Charles Pulliam-Moore, Gizmodo: By the end of the season, we see this completely different side of Julia who takes Spike and Vicious by surprise with her actions. In that final episode, how has Julia’s relationship with power changed compared to where she’s at at the beginning of the season?
Elena Satine: At that point, she’s been through so much in her relationship with Vicious. She feels really betrayed and lied to by Spike because he pretty much, according to her, abandoned her and didn’t come to rescue her knowing the situation that she was left in. When we find her in the cathedral, she’s just fed up. She’s fed up with both of them frankly, and really wants to take control of her own life. She really embraces this moment and this power and realises that she doesn’t need rescuing, which is such a wonderful place to try to land on considering that you know what we see her go through in her marriage.
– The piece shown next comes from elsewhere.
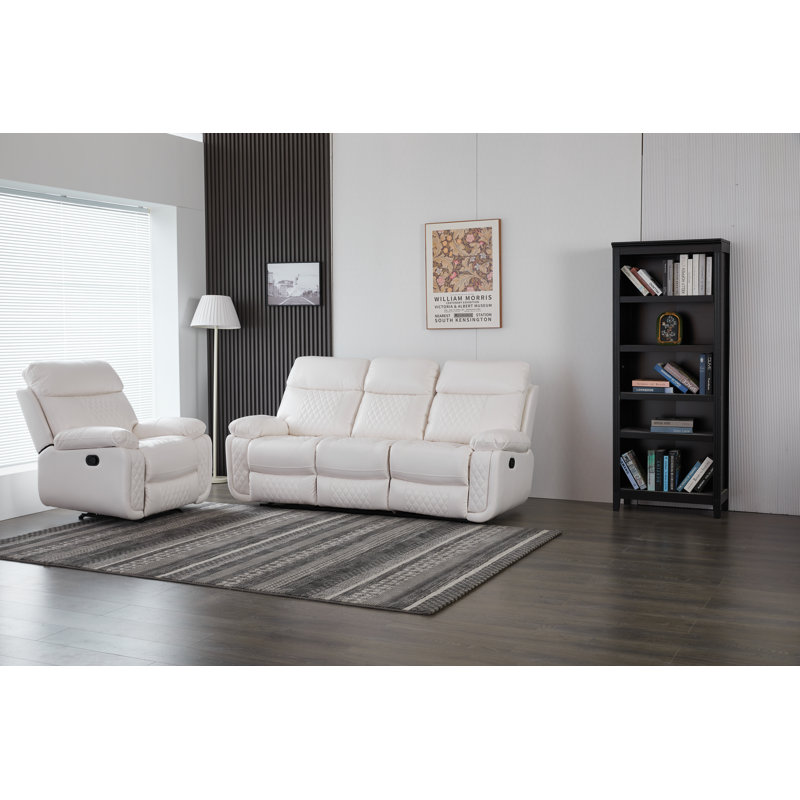 Ensemble de salon inclinable 2 pièces Billington, Blanc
Gizmodo: What other aspects of Julia are there that you want to explore now that she’s in this new position of autonomy and agency?
Satine: I’m really curious to see how that translates to what is going to happen with the Syndicate because we see her sort of, in a way, advising Vicious throughout the season. You can tell that he listens to her. You can tell that he takes what she says, and he believes that she’s smart and she knows what he’s talking about, and he believes that she’s his partner and she’s on his side. So clearly she knows a lot more about the Syndicate than she lets on. So I’m really interested to see how that plays out.
Gizmodo: Even though the show spends so much time telling us how much Vicious and Spike are in love with Julia, what you can see is how intense that brotherly love between the two of them is, and how it’s a part of what makes them act the way they do. To you, what was the more complicated emotional reasoning Vicious was working through that went deeper than “I love this woman, and I want to kill you?”
Alex Hassell: It’s really, really useful to have episode nine, which is this flashback episode where we get a lot of Vicious’ backstory with the way that he was brought up and the absolutely horrific way in which he saw his mother commit suicide. He’s had this horrible pressure from his father to be a certain sort of idea of masculinity and violence and strength, so I guess I tried to think a lot about what Vicious might have been like before he was Vicious. You know, when he had an actual name and was a boy, and maybe had a real soft core and an artistic kind of fine-ness that was kind of brutally abused out of him.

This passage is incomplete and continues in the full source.